In a surprise move, the Luftwaffe (German Air Force) has revealed a lease deal for two M28 Skytrucks. German evaluation of the twin-turboprop has been going on for some time. In Luftwaffe service the M28 will be mainly used for parachute jump training.
A first Skytruck has apparently already been handed over while a second aircraft is still at PZL awaiting delivery. The second airframe is fitted with a cargo pod under the fuselage which has a useable volume of 46cu ft and a maximum payload of 660lb.
Parachute training within the German armed forces has so far been performed with the C-160 Transall. The A400M, which is replacing the C-160, is too large for some parachute exercises.
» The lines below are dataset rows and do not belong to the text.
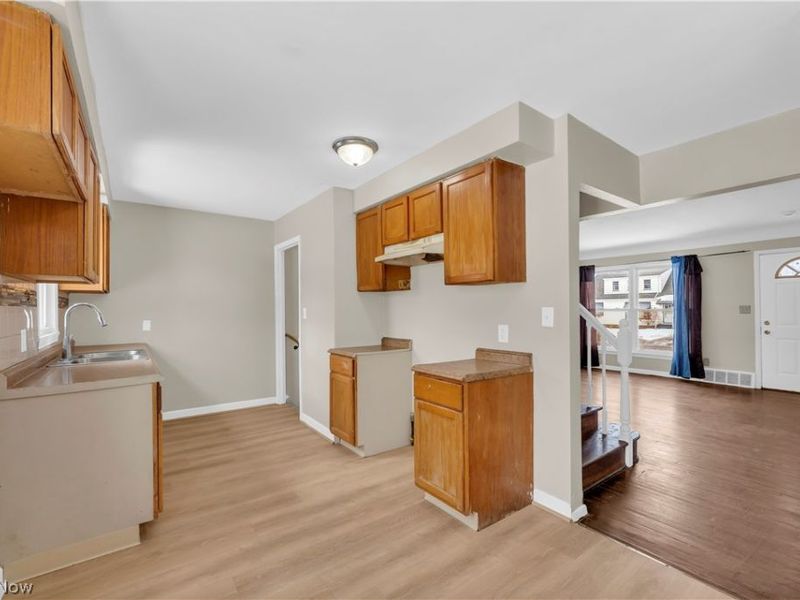 12918 Eastwood Boulevard, Garfield Heights, OH 44125 Photo 8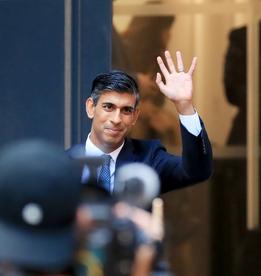 苏纳克将接任英国首相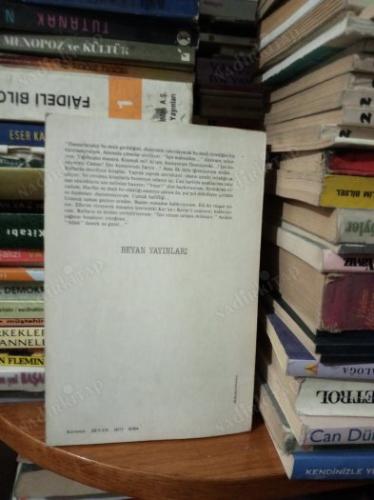 KARMAŞA (1.SEDAT YENİGÜN ROMAN YARIŞMASI 3. LÜK ÖDÜLÜ)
The M28 Skytruck is a variant of the Soviet-designed Antonov An-28 with new Pratt & Whittney Canada PT6A-65B engines equipped with five-bladed propellers, and new (Western) avionics.
As well as the second German aircraft, the PZL factory currently has up to five ‘white-tail’ aircraft. PZL Mielec hopes that the current lease will lead to a permanent a larger order from the Luftwaffe.
The deal will provide further ammunition to critics of the A400M, the Luftwaffe requirement for which has already been reduced from an original total of 75 aircraft to 60, and then further cut to 53 aircraft. Initial deliveries to the Luftwaffe were late, owing to delays with the programme. In late January 2011 it was revealed that the German parliament was discussing the possibility of selling on 13 of its allocated aircraft immediately after delivery.
Since the A400M is considered unsuitable for certain tactical airlift scenarios, the German government announced the planned acquisition of six C-130Js in April 2017. They will be operated by a joint Franco-German unit.